# 6 Year Old Mustang Gelding



## LoveHaflingers (Feb 11, 2012)

Alright, so I am not really an expert at all with conformation, but here's my two cents:

He looks like he may be a bit posty-legged in the back, and his shoulder looks a bit upright. I think his neck is a bit thick and lowset too.

He's a red dun, right? It's weird, except for his head, he looks _exactly_ like my mom's red dun PB Icelandic gelding. Well, Broddi's fluffier, but the resemblance is amazing. He's not gaited by any chance, is he?


----------



## Cherie (Dec 16, 2010)

I think he is much better looking than most mustangs. He has a much nicer head than most.

His hind legs and short, steep croup are very typical. They are strong and never go lame or have stifle or hock problems. He has the typical good bone and feet and a good back.
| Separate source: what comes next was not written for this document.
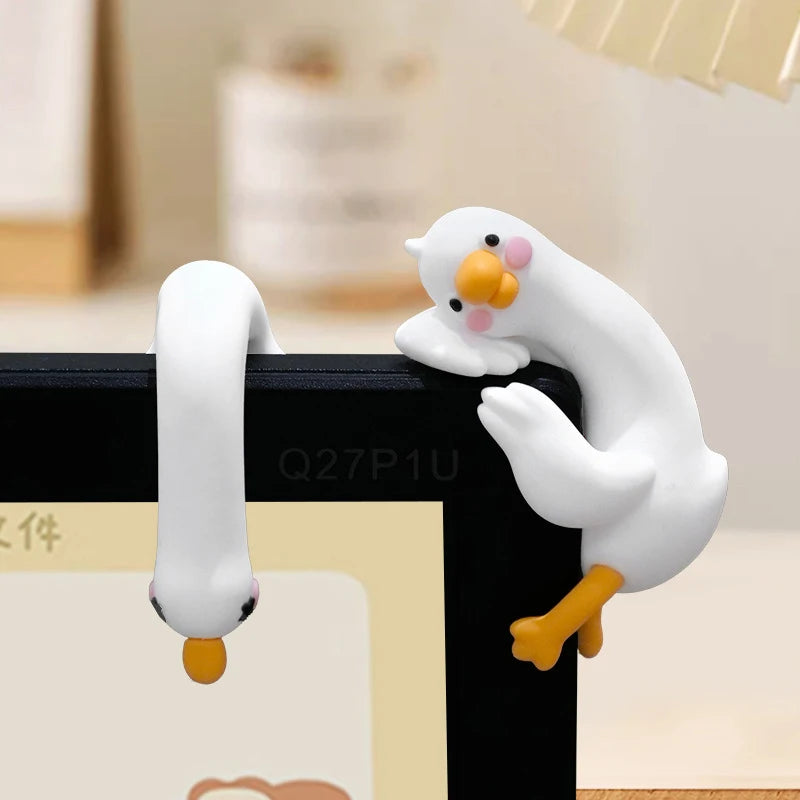 3D Resin Duck Ornament – Desk, Dashboard & Monitor Decor Resin Desk Ornament Nixie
They can carry much more weight than the average horse of that size. 

We used to run them and catch them to break out and sell. that was one of my first summer projects back in the 60s (when it was still legal to catch them off of Federal Land). They are tough -- "you would have to cut one's head off and hide to to hurt him."

How big is he? The ones we ran in western Colorado were mostly only 13.2 to 14.2 in size. The ones we ran near the Northern Ute Reservation in Utah were up to 15.2 or 15.3. They had a lot of TB blood mixed in when the Government gave the Indians their remount stallions back when they disbanded the Cavalry. Was he adopted from one of the BLM facilities? Did he go through one of the prison programs? The big BLM facility at Pauls Valley, OK is only about 30 miles from us.


----------



## Elana (Jan 28, 2011)

Nice balanced horse with a few faults. 

Steep shoulder, straight thru the hocks and his hocks are pretty high off the ground. Neck is a bit thick and drafty where it ties to the chest. 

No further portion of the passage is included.